Tomás Eloy Martínez nos conduce a otra de las cuerdas que se intentaron en la Argentina en torno del realismo mágico, llevada con cuidado y circunspección. Creo avizorar ahora que una destreza literaria que llevaba con generosidad a la novela y a la crónica tenía posiblemente –y desdigo un poco lo que antes me pareció que es propio de una muerte que nos alecciona siempre para ser discretos– un empleo que evidenciaba menos riesgos que los que en su máxima expresión el género había requerido. Dos novelas que he mencionado, Sagrado y La mano del amo, separadas por muchos años, ahondan en tramas lugareñas enrarecidas y pasmosas, pero aun en esa primera novela tucumana, que si no me engaño es de 1969, donde la lengua admitía lo intrincado como experimento auténtico, algo difícil de describir impedía que se produjera cabalmente el efecto “real maravilloso”.
Vacilo al escribir esto, pero no siento que la voz que me llama del diario me reclame un pensamiento de circunstancias. Tomás Eloy Martínez siguió los mismos hechos que nos impresionaron a todos. Lo hizo desde afuera de lo que a muchos nos interesaba, y eso sí vale un comentario que me sobresalta ahora. La novela de Perón es quizá su gran obra, superior a Santa Evita y otras del mismo género. El peronismo le provocaba el mismo ramillete de incógnitas que conocemos bien, pero él las llevó en una mochila exterior que sin embargo estaba separada por una membrana de escasa espesura respecto de lo que muchos pensábamos.
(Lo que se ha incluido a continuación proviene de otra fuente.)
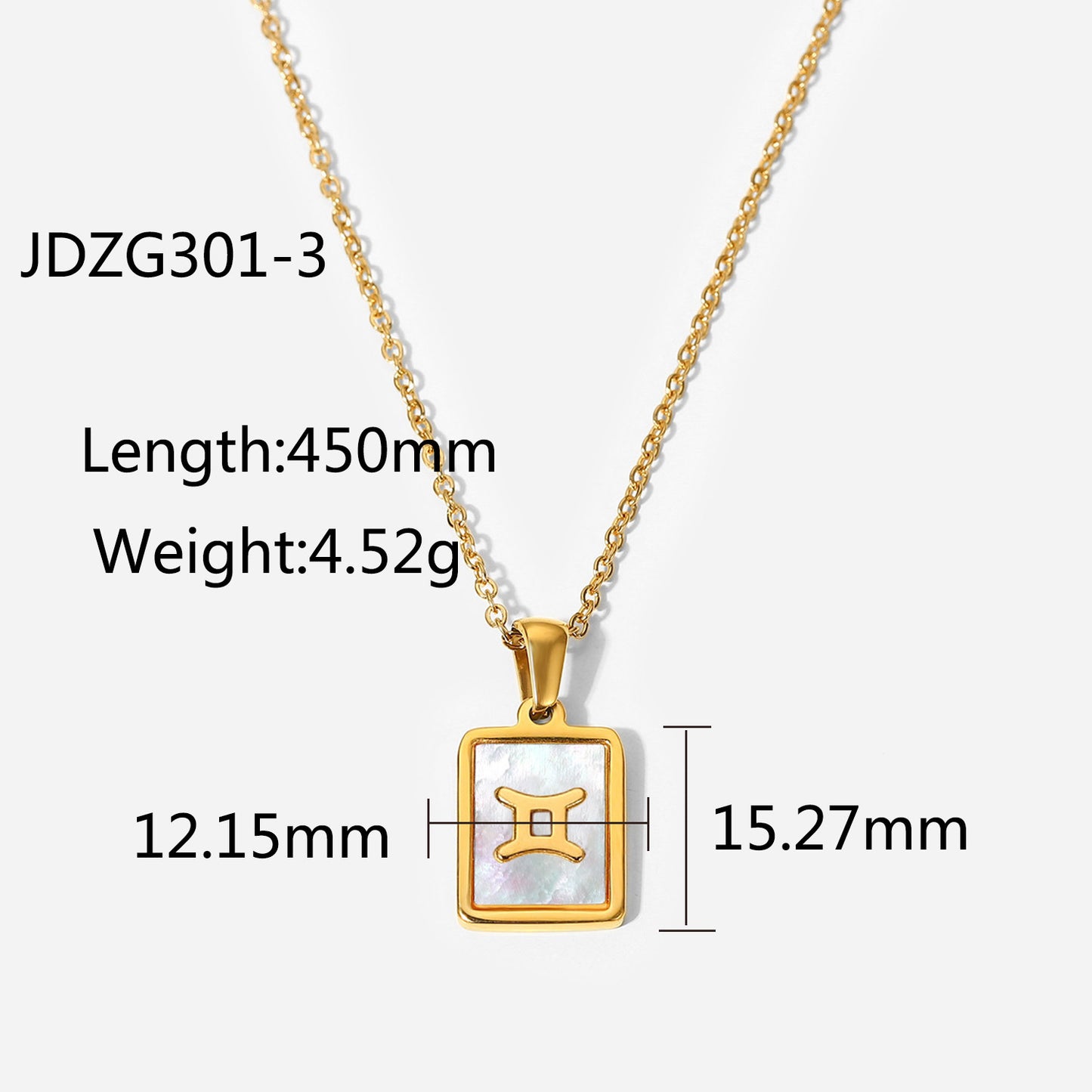 5pcs New Fashion Style 18K Gold-Plated Stainless Steel 12 Constellation Pendant Necklace Women's White Shell Constellation Pendant Collar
Su entrevista con Perón en Madrid tuvo una influencia que quizá no fue valorada enteramente, y La novela de Perón, con todo lo que de injusto puede considerarse en ella respecto de una evaluación más dadivosa de la época, explora la relación del esoterismo con los movimientos populares de un modo original. Y ahí sí debe colocársela en la saga mayor de los Supremos, Generales en sus laberintos y Patriarcas otoñales. No puedo contenerme si ahora digo que Tomás Eloy Martínez actuó en las entrelíneas de los grandes géneros, y dejó entrever un pespunte de Roa Bastos con La novela de Perón o de Walsh con Santa Evita.
Quizá su ética liberal clásica (que es un modo como tantos otros de tolerar a la Argentina) lo llevó a un fastidio que afectó su novelística, dándoles un aspecto irresolutivo a los grandes temas que abordaba. Pero quizás es lo que deseó finalmente, realizar una obra que les advirtiera, incluso a los grandes maestros que él cultivara y a los que en gran medida dio a conocer en el país, que las cuestiones comunes estaban claras, que acaso todos podíamos provenir de la mismas emociones públicas y gustos literarios, pero que en todo había que ser precavido y exorcizar siempre a los demonios.